(Stored records)
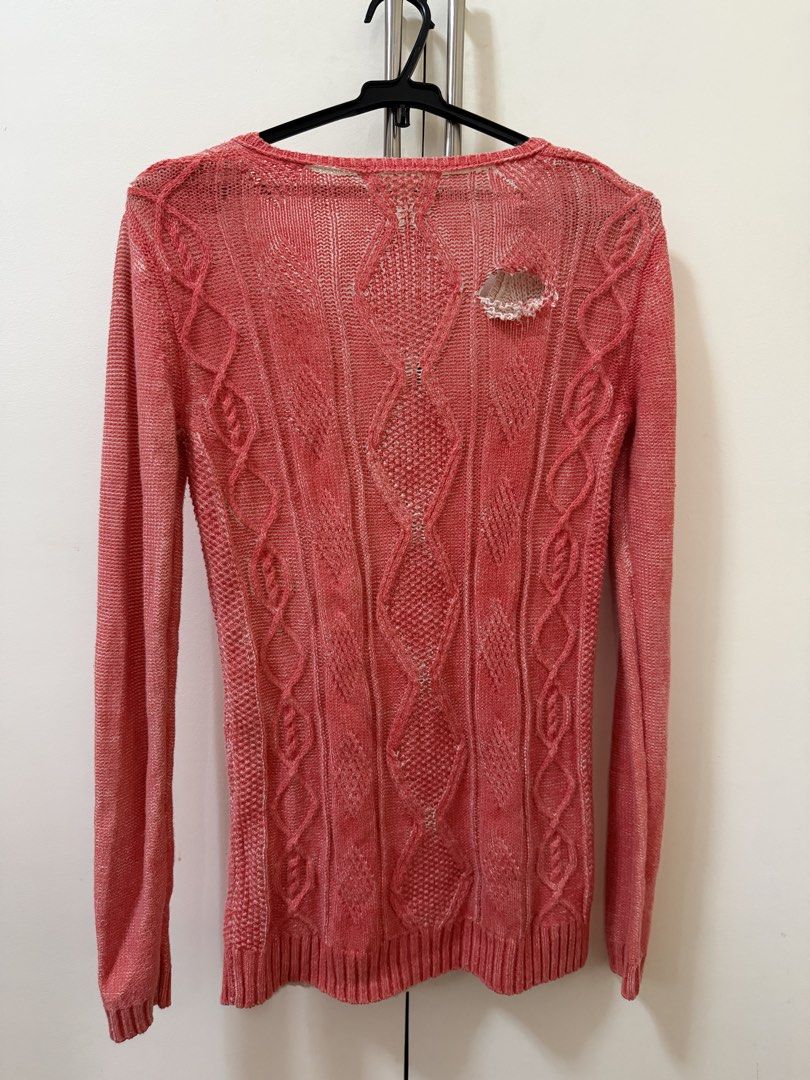 Esprit Long Sleeve Top (Category: Longsleeves) located in Cebu City. Submitted by daisyblooms_blue (Listing ID 1467866486, Image 3). Description: Decluttering from my closet, has a tear at the back (Can be sewn still) Mode of Payment: - Gcash - Cash (For buyers within Cebu City) - Metrobank (Bank Transfer) For Buyers Within Cebu: - Maxim - Angkas Padala Can do Shipping via: (For Buyers Outside Cebu) - J&T Express Location: - Cebu City.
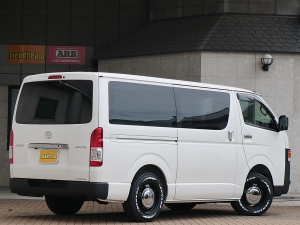 ハイエースバンディーゼル4WD　丸目換装FD-classic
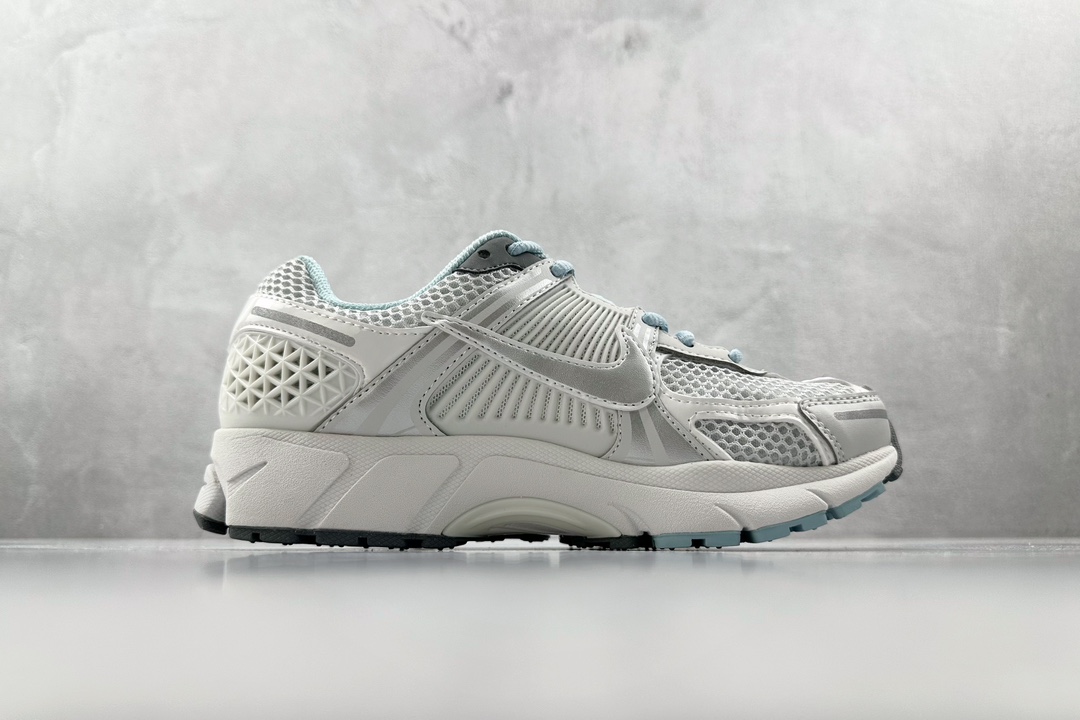 Nike Basic Shoes Blue M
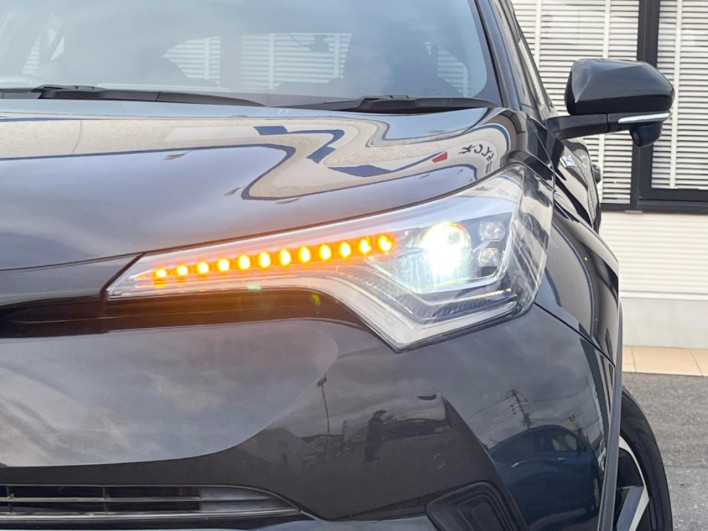 2018 Toyota C-HR DAA-ZYX10 (UW-69f067dcc188f)[22]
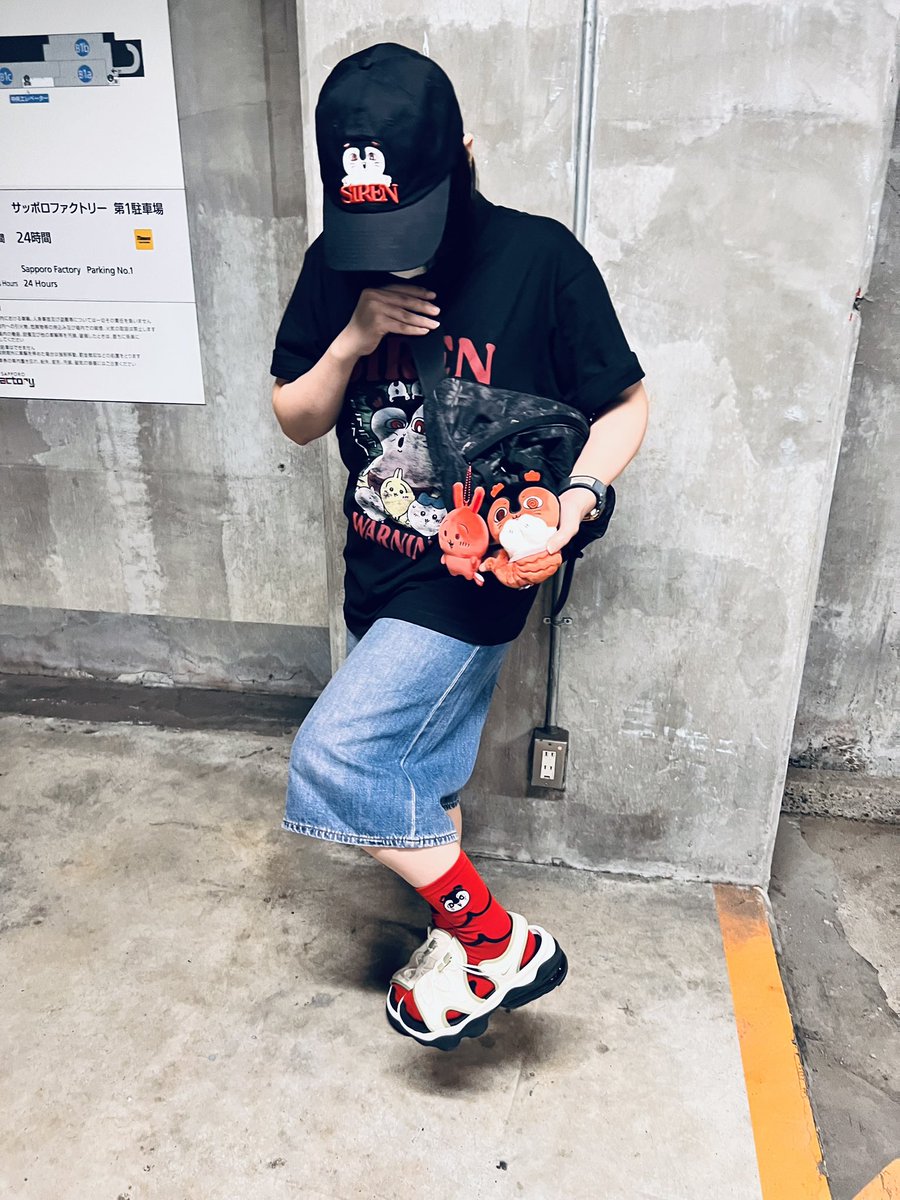 yamitakoyaki's tweet photo. セイレーン（＋赤うさぎ）コーデで参戦した https://t.co/KChrJOKbCp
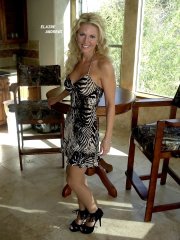 Webslut mature Wife and Mom Elaine amateur porn model and escort managed by husband displays her clothed fuckmeat1.jpg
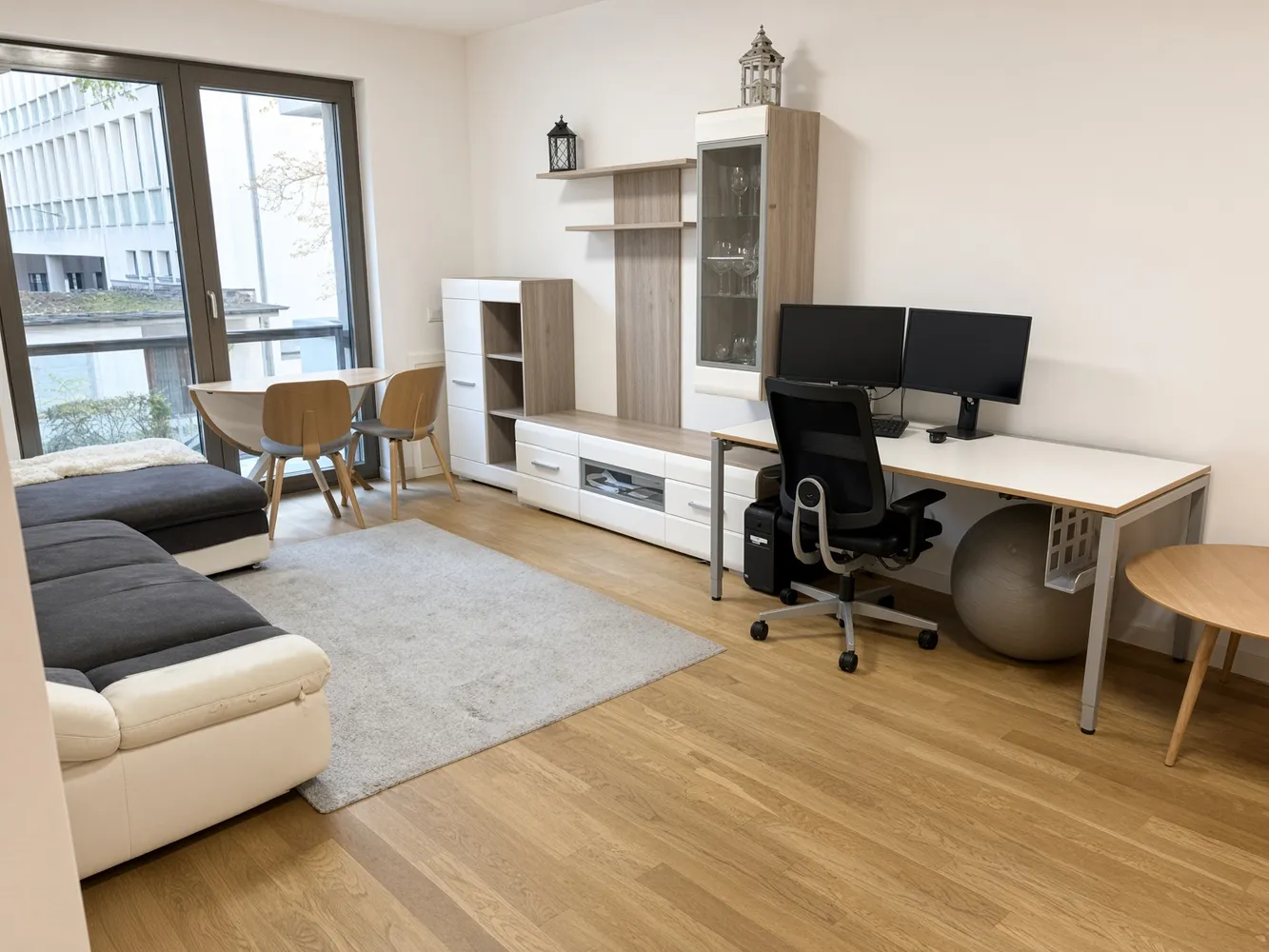2 room apartment with 65 m² in Frankfurt am Main – Photo 1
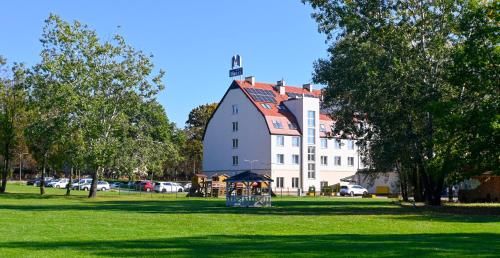 Hotel Milenium 3 estrelas em Legnica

Assigned task:
Would you set down the records above once more, exactly, with the pictures removed?

Answer to the problem:
 Esprit Long Sleeve Top (Category: Longsleeves) located in Cebu City. Submitted by daisyblooms_blue (Listing ID 1467866486, Image 3). Description: Decluttering from my closet, has a tear at the back (Can be sewn still) Mode of Payment: - Gcash - Cash (For buyers within Cebu City) - Metrobank (Bank Transfer) For Buyers Within Cebu: - Maxim - Angkas Padala Can do Shipping via: (For Buyers Outside Cebu) - J&T Express Location: - Cebu City.
 ハイエースバンディーゼル4WD　丸目換装FD-classic
 Nike Basic Shoes Blue M
 2018 Toyota C-HR DAA-ZYX10 (UW-69f067dcc188f)[22]
 yamitakoyaki's tweet photo. セイレーン（＋赤うさぎ）コーデで参戦した https://t.co/KChrJOKbCp
 Webslut mature Wife and Mom Elaine amateur porn model and escort managed by husband displays her clothed fuckmeat1.jpg
2 room apartment with 65 m² in Frankfurt am Main – Photo 1
 Hotel Milenium 3 estrelas em Legnica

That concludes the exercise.